Building a Rockbox bootloader

This success made me want to try running more of Rockbox. I first decided to build a bootloader, because it uses only selected components of Rockbox. The Rockbox Wiki provides some basic information about how to create a new target. I started off by copying files from the Sansa C100, which uses the related Telechips TCC770 CPU. There were plenty of things to edit and rename, but it was all fairly straightforward, and error messages can serve as a guide showing what needs to be done.

Uploading code to SDRAM

The resulting bootloader was too big for loading in TCC760 internal SRAM, so I needed to use DRAM. Unlike with later chips, USB boot mode doesn't provide a way to set the SDCFG register. So, I used a small bit of assembler code to set SDCFG and then jump back to 0 to restart USB boot mode and enable uploading of a longer program to SDRAM. It was easy to get the bootloader running, but timer interrupts took a bit more work. The TCC760 is similar to TCC770, but there are some key differences with some peripheral register bits.

Figuring out the buttons

The bootloader allowed viewing of GPIO and ADC values which helped me figure out the buttons and some other values. The power/play/pause button is connected to its own GPIO pin, but all the other buttons are connected to one pin, with each connecting it to ground via a different value resistor. This means the ADC must be used to read these buttons. I ended up finding the original firmware routine which reads buttons and using its thresholds between different buttons. I suppose that's better than using measured values, because the measured values are affected by resistor tolerances.

SD card access

The RC3000A has 512MB of internal NAND flash storage, and an SD card. I chose to first use the SD card, because that seems safer. When I viewed GPIO values, I found pins for SD card write protect and SD card detection. I used these to find the SD card code. ARM code typically loads a base address into a register and then accesses a memory mapped peripheral register using that register plus an offset encoded into an instruction. In this case, 0x80000000 is always loaded into the register, so the offsets are predictable and they can be used to search disassembled code for GPIO access with few false matches. There is one unfortunate complication though. All the code I've seen makes the GPIO port obvious, but some uses a value loaded from RAM to define the bit.

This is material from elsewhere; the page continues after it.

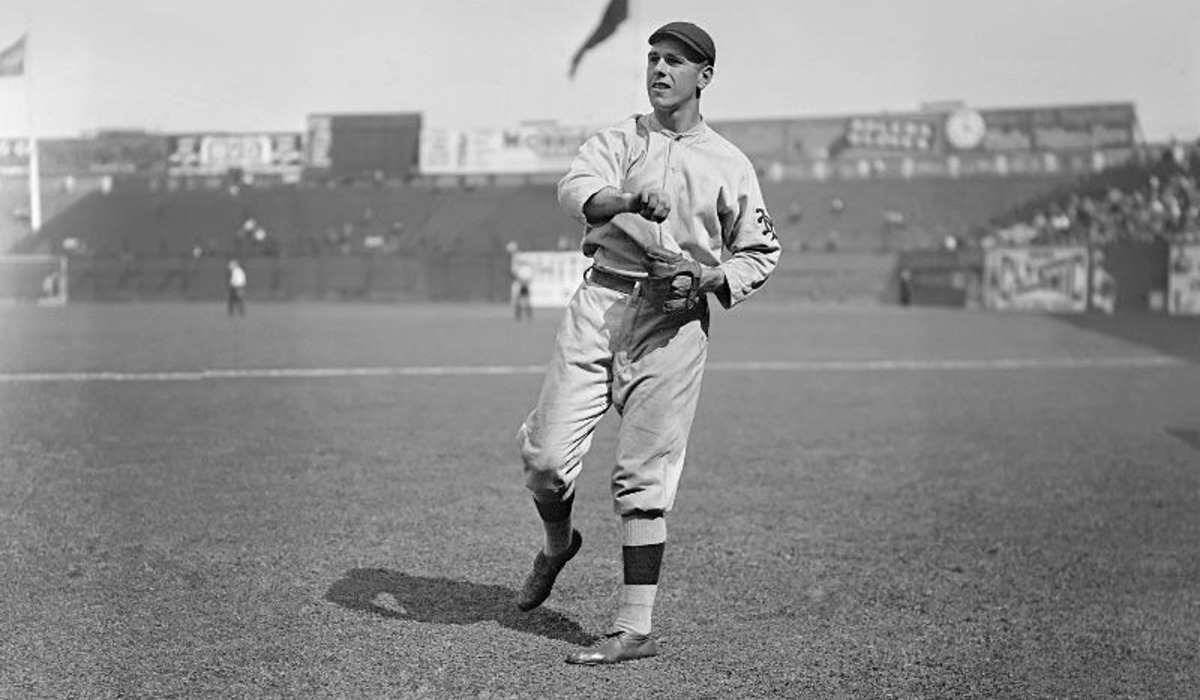 Fred Snodgrass Drops a Routine Fly in 1912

I assumed that the SD card uses bit banging because there is no SD controller and USB access to the card is ridiculously slow. I did find bit banging code, but actually the SD card is hooked up to GSIO0, and there is also code for that. I chose to initially use bit banging code, because it is simpler to be sure I'm doing it correctly. GSIO could have left me wondering if the problem was the way I'm using GSIO or the interface to the SD card.

SD card bit bang SPI interface code can be used to add SD cards to routers, and source is available there. However, I chose to start with code from within Rockbox, from the Archos Ondio MMC card driver. Its structure more closely matches my intended final structure, with GSIO and hopefully also DMA.

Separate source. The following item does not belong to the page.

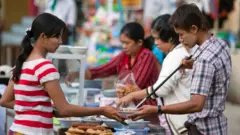 မသန့်ရှင်းတဲ့အစားအသောက်တွေကို စားသောက်မိတာ၊ ရောဂါပိုးရှိသူနဲ့ အနီးကပ်ထိတွေ့ ပြုစုတာတွေကြောင့် ကူးစက်နိုင်တယ်လို့ ဖော်ပြထားပါတယ်။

After learning about the SD card protocol and commands, I first worked on getting initialize_card() working. At first this seemed futile, but then I added the initial synchronizing code sending 0xFF bytes with chip select not asserted and it worked. Then I just had an endianness issue in card_extract_bits() and after that the function succeeded. Then it was simple to read a sector.

Building Rockbox, adding functionality, and getting sound

(Post was interrupted here and continued much later.)

Once SD card reading was available and mountable, it seemed like a good time to run a full build of Rockbox. Since this includes files and functionality not compiled into the bootloader, some work was needed to get it to compile. Then it was time to add more functionality.

First I added I2C support, testing it using the E8564 RTC chip, which Rockbox already supports. The RC3000A uses purely software based bit-banging I2C, although the TCC760 chip does contain an I2C controller. 

I wanted to first set up the CODEC for FM radio playback, which should be simpler than music playback. At first I thought I could use the CS42L55 code present in Rockbox, but the CS42L51 is significantly different, so I ended up creating a new driver using parts of the Linux driver. I got the radio working using the pre-existing TEA5767 driver. Only the headphone jack was usable, because the amplifier driving the speakers was off.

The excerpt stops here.